What you should do
Return all of the data exactly, with nothing left out but the pictures.

Raw data
[Start of section]
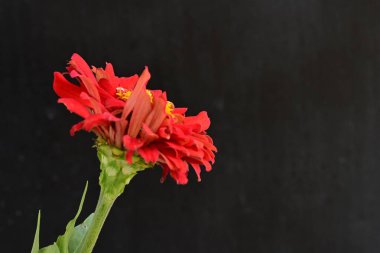 Siyah arka planda zinnia çiçeği, yakın plan -.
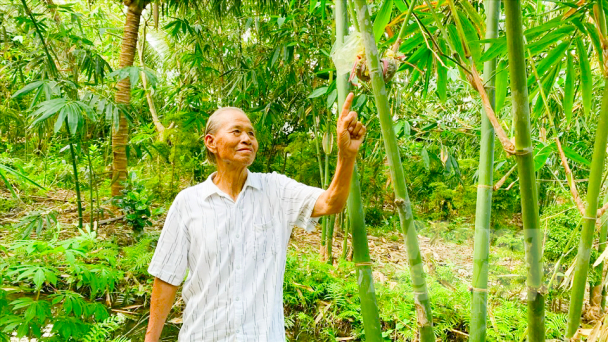 Tre tứ quý, cây trồng đa giá trị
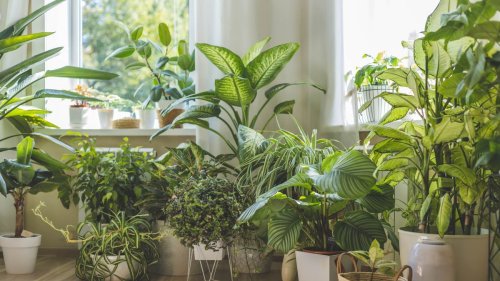 Best fast-growing indoor plants – 7 plants to fill your home with foliage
[End of section]
Reply to the task
 Siyah arka planda zinnia çiçeği, yakın plan -.
 Tre tứ quý, cây trồng đa giá trị
 Best fast-growing indoor plants – 7 plants to fill your home with foliage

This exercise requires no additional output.